PostgreSQL partitioning is a powerful feature when dealing with huge tables. Partitioning allows breaking a table into smaller chunks, aka partitions. Logically, there seems to be one table only if accessing the data, but physically there are several partitions. Queries reading a lot of data can become faster if only some partitions have to be read instead of the whole table. Maintenance tasks will also benefit from the smaller partitions.

The blog post

  • first introduces the data used in the article and how to reproduce the examples,
  • then explains partition pruning,
  • finally shows range, list, and hash partitioning with PostgreSQL syntax.

Data preparation

First, pull and run the container with version 1.2 from a command line. Port 5432 is exposed, and you must set a password for the postgres database user.
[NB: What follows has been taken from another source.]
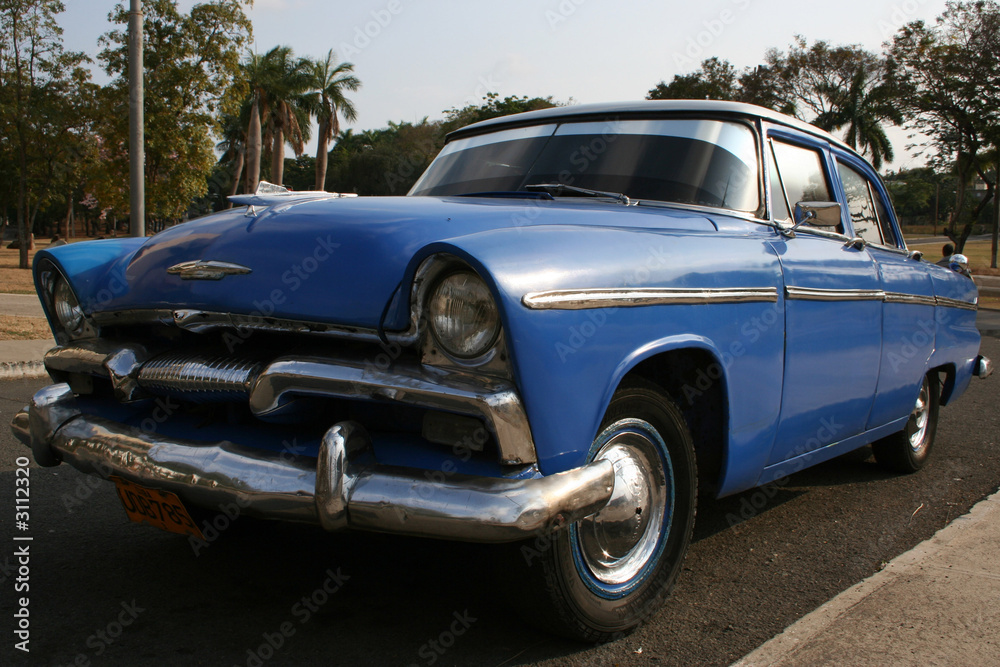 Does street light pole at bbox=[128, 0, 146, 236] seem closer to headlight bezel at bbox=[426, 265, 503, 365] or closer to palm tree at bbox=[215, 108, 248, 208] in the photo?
headlight bezel at bbox=[426, 265, 503, 365]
docker run -d -p 5432:5432 -e POSTGRES_PASSWORD=setpassword –name columnarpostgresql abuckenhofer/columnarpostgresql:v1.2
Next, execute an interactive bash shell in the container
docker exec -it columnarpostgresql bash
Finally, start PostgreSQL command line
psql -U postgres

And now prepare the data: create a table without partitions and without indexes and load sample data from spotify charts. The source data is available in the container in directory /usr/src/dwh_course/sourcedata.

CREATE TABLE ranking
(
rank integer,
track_id varchar(32),
artist_id integer,
no_streams integer,
url character varying(200),
stream_date date,
region character varying(10)
);

COPY ranking
FROM ‘/usr/src/dwh_course/sourcedata/spotify/ranking.csv’ DELIMITER ‘,’ CSV HEADER;

SELECT * FROM ranking LIMIT 10;

 

SET max_parallel_workers_per_gather = 0;

The screenshot shows the result of the three statements above. The created table contains the columns track_id and artist_id with foreign keys to data not used in this scenario. The data would be available in files stored in directory /usr/src/dwh_course/sourcedata/spotify/.

The table also contains columns for the data of the streaming (stream_date), the number of streams (no_streams), the region of the stream (region with values ‘de’ or ‘global’) and the position in the charts (rank). Finally, the URL points to the track.

Parallelism is switched off for better comparison of the explain plan outputs.

Sample data

The base table is now prepared for the different partitioning scenarios. But why partitioning and not indexing?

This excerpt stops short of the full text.